Islamabad is determined to continue the implementation of the Iran-Pakistan (IP) gas pipeline project, Pakistani Minister for Petroleum and Natural Resources Shahid Khaqan Abbasi said.
Abbasi said that Iran-Pakistan gas project would be completed in the stipulated time.
He informed the National Assembly, or Lower House of the parliament, that, otherwise, Pakistan is bound to purchase Gas from Iran by January 1, 2015.
He said despite a number of hurdles, the government is committed to complete the gas pipeline project within the stimulated period.
Abbasi said the government is working on a number of projects to overcome the oil and gas shortage in the country, adding that the programs include enhancement of indigenous gas production‚ import of gas from Iran and Turkmenistan‚ import of LNG from Qatar and promotion of LPG air mix.

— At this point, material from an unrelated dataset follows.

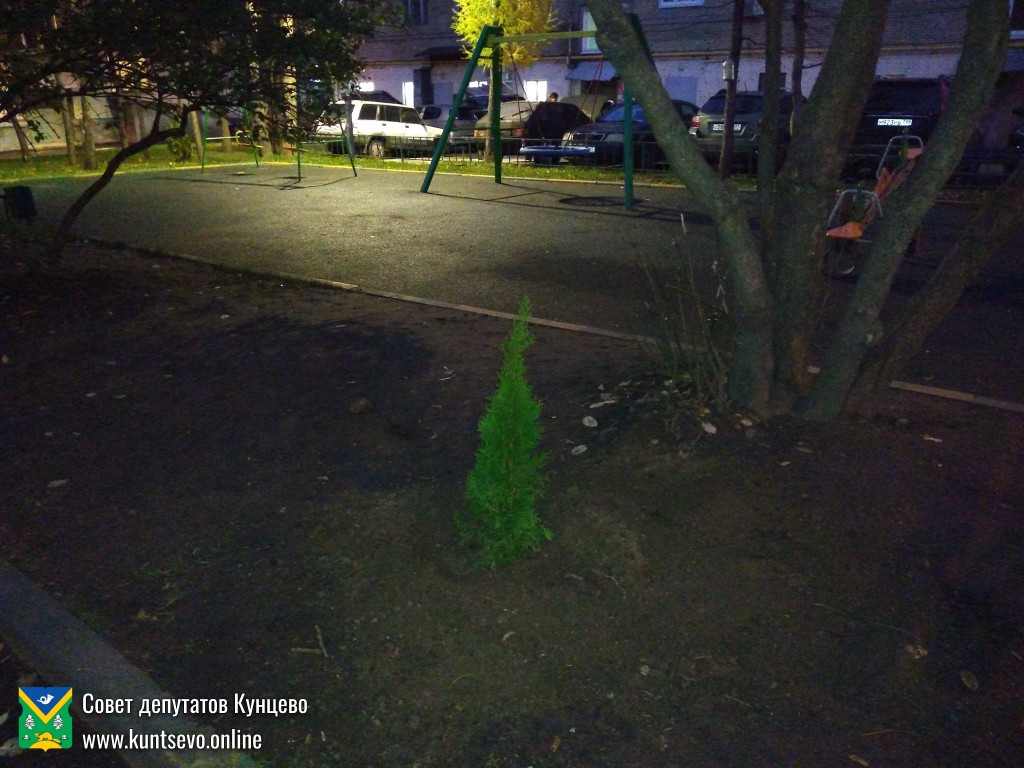 Провели посадки деревьев и кустарников в районе. 12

He added that Pakistan has entered gas sales purchase agreement with Iran and Turkmenistan and the work for completion of the projects is underway.
Iran and Pakistan officially inaugurated the construction phase of a gas pipeline project in March which is due to take Iran's rich gas reserves to the energy-hungry South Asian nation.
The project kicked off in a ceremony attended by former Iranian President Mahmoud Ahmadinejad and his former Pakistani counterpart Asif Ali Zardari at the two countries' shared border region in Iran's Southeastern city of Chabahar.
The 2700-kilometer long pipeline was to supply gas for Pakistan and India which are suffering a lack of energy sources, but India has evaded talks. In 2011, Iran and Pakistan declared they would finalize the agreement bilaterally if India continued to be absent in the meeting.
Iran has already constructed more than 900 kilometers of the pipeline on its soil.
According to the project proposal, the pipeline will begin from Iran's Assalouyeh Energy Zone in the south and stretch over 1,100 km through Iran. In Pakistan, it will pass through Baluchistan and Sindh but officials now say the route may be changed if China agrees to the project.